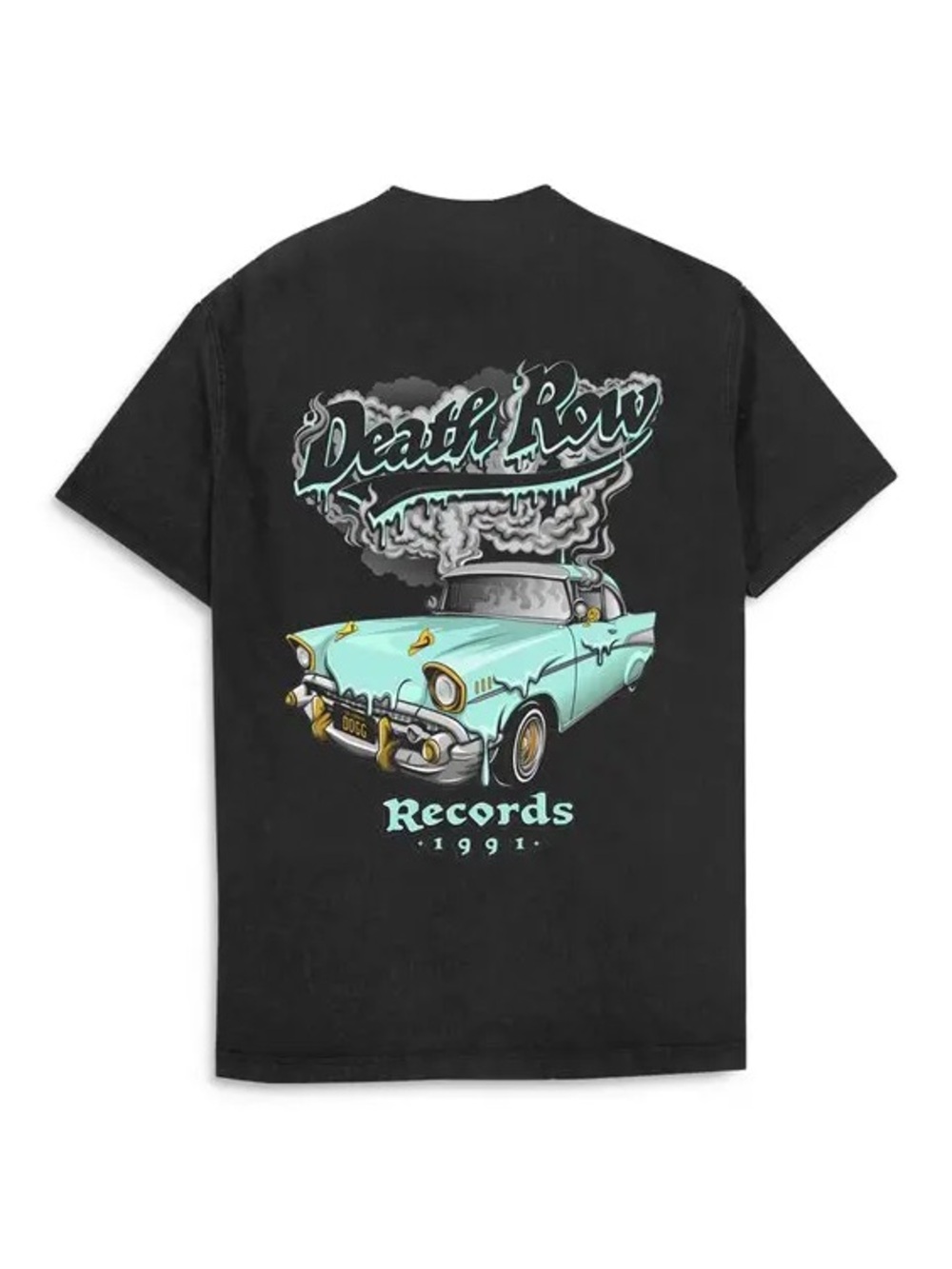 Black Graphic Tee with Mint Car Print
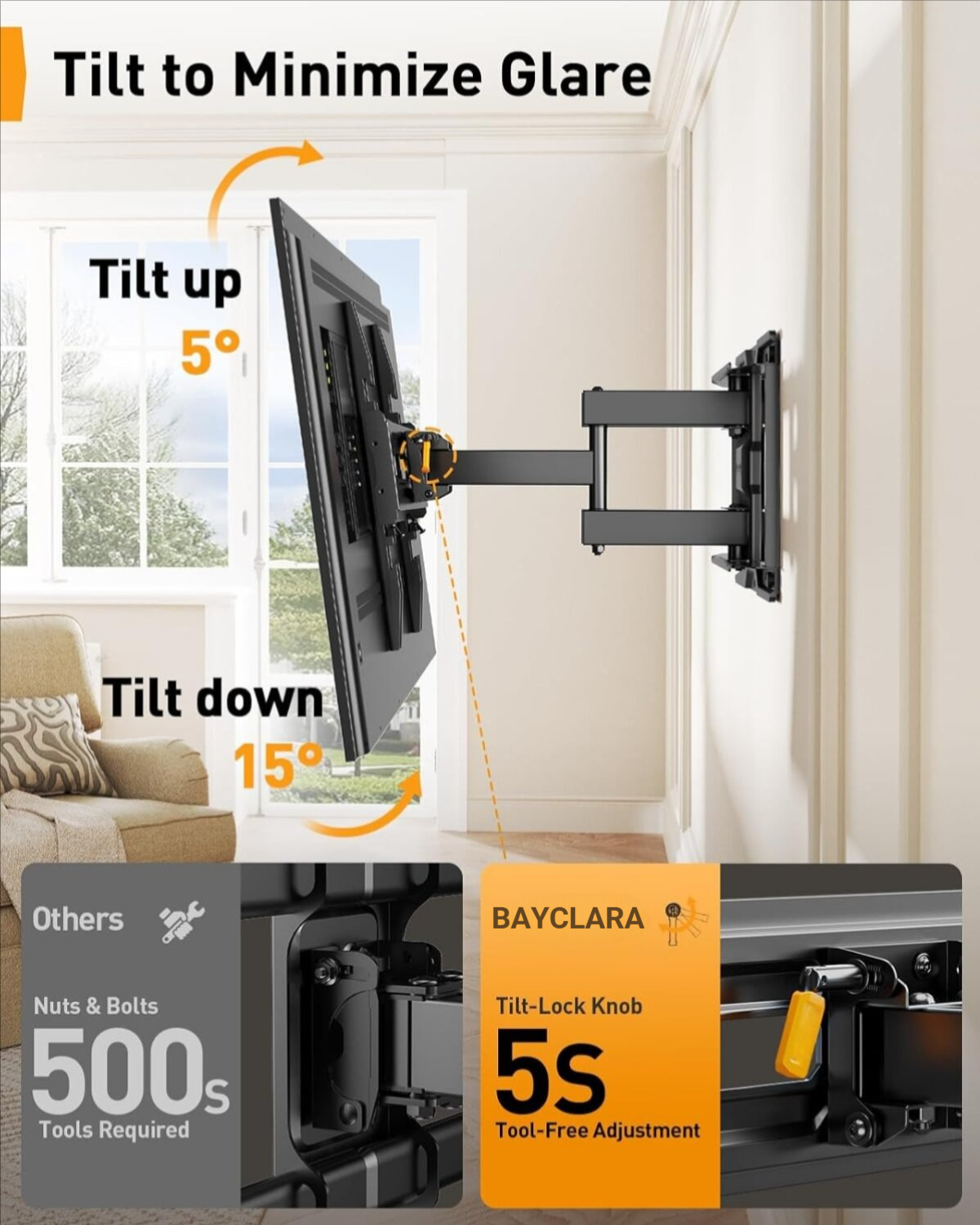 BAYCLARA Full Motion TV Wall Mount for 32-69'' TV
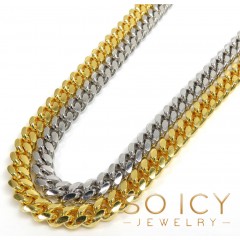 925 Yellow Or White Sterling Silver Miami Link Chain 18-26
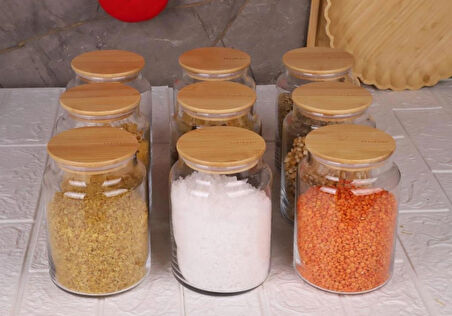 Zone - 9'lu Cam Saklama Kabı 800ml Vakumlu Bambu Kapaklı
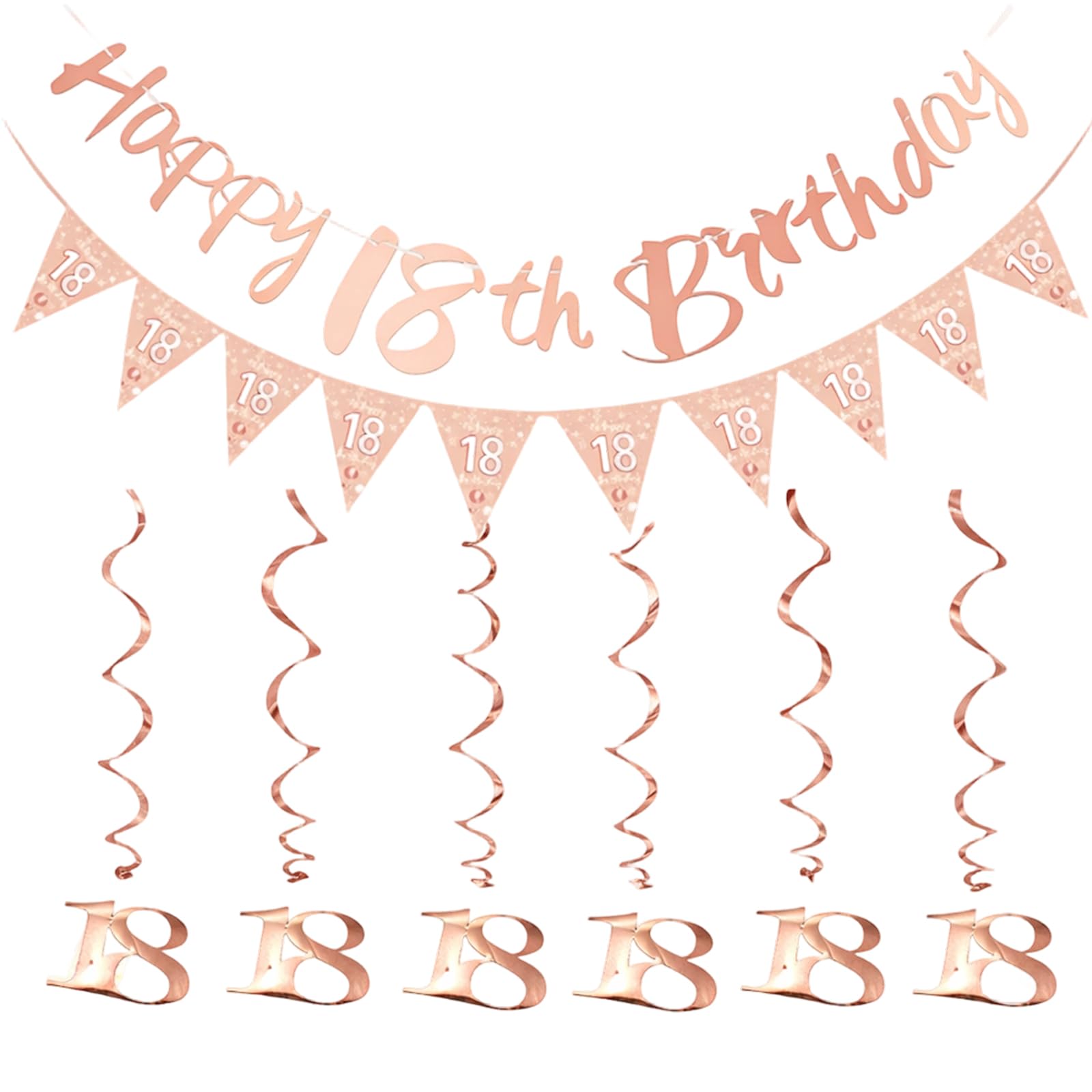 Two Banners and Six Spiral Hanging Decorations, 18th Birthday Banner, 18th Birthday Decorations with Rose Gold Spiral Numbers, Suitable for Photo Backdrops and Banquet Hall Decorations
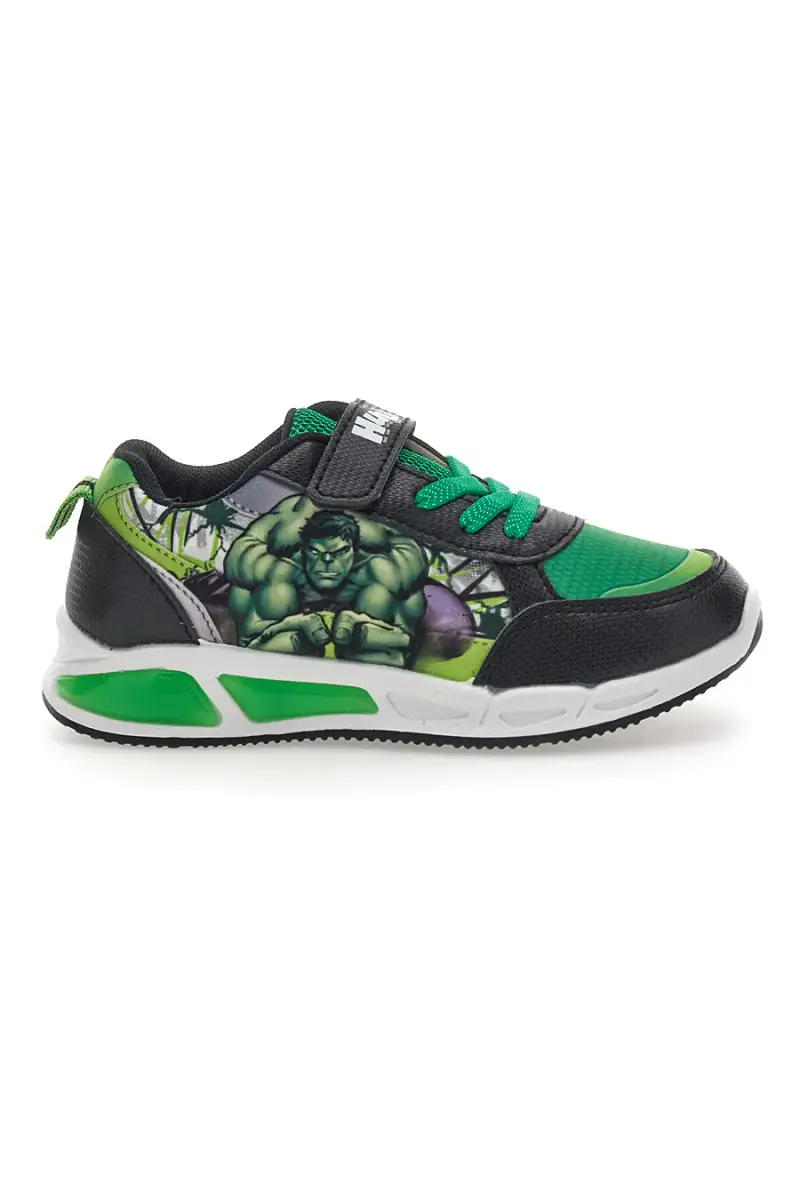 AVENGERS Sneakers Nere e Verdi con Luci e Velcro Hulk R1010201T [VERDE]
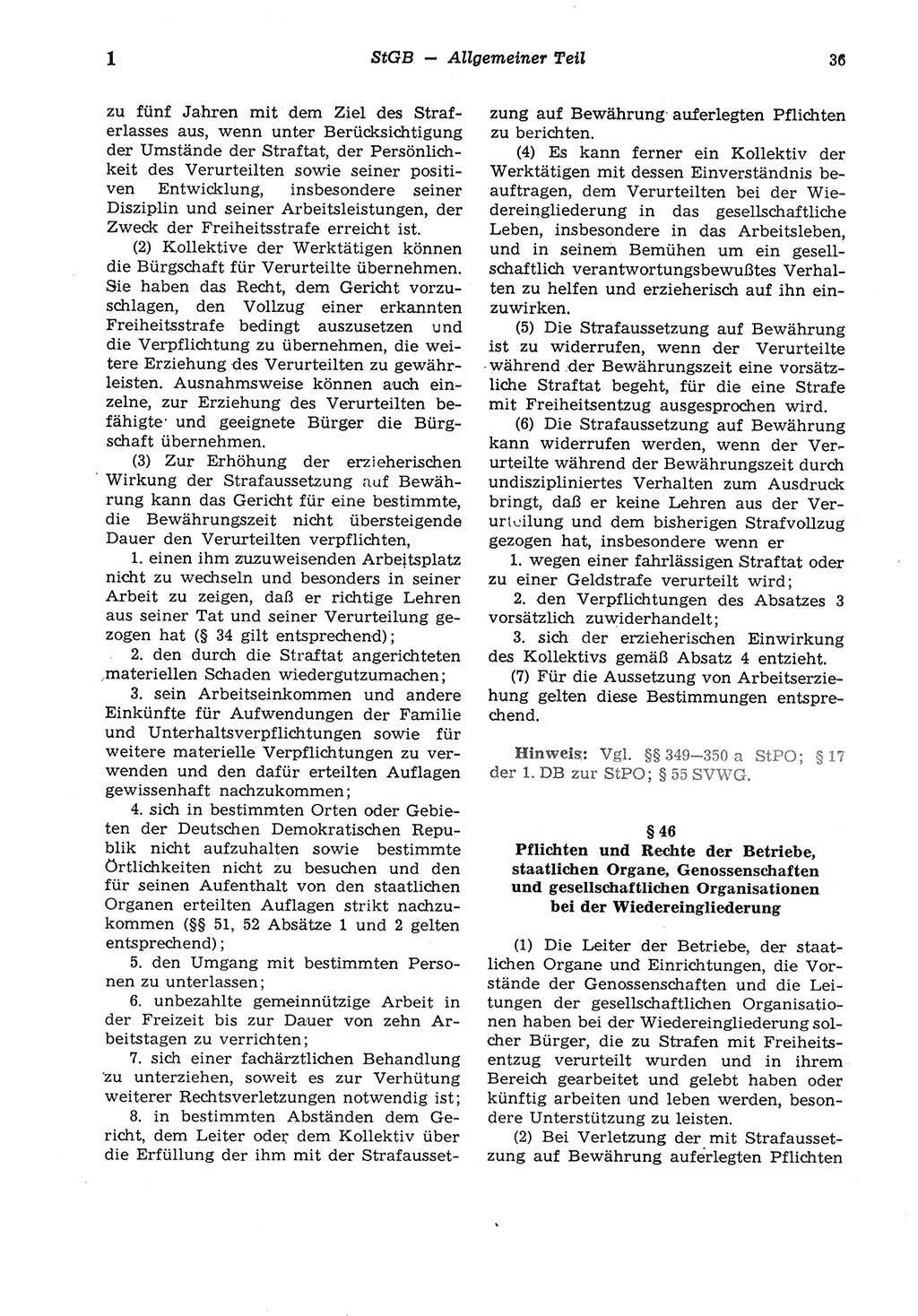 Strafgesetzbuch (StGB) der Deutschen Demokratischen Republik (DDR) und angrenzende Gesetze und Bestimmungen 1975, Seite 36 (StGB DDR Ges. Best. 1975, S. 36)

> [Work instruction]: Copy all the entries word for word. Omit any pictures.

> [Answer area]:
 Black Graphic Tee with Mint Car Print
 BAYCLARA Full Motion TV Wall Mount for 32-69'' TV
 925 Yellow Or White Sterling Silver Miami Link Chain 18-26
 Zone - 9'lu Cam Saklama Kabı 800ml Vakumlu Bambu Kapaklı
 Two Banners and Six Spiral Hanging Decorations, 18th Birthday Banner, 18th Birthday Decorations with Rose Gold Spiral Numbers, Suitable for Photo Backdrops and Banquet Hall Decorations
 AVENGERS Sneakers Nere e Verdi con Luci e Velcro Hulk R1010201T [VERDE]
 Strafgesetzbuch (StGB) der Deutschen Demokratischen Republik (DDR) und angrenzende Gesetze und Bestimmungen 1975, Seite 36 (StGB DDR Ges. Best. 1975, S. 36)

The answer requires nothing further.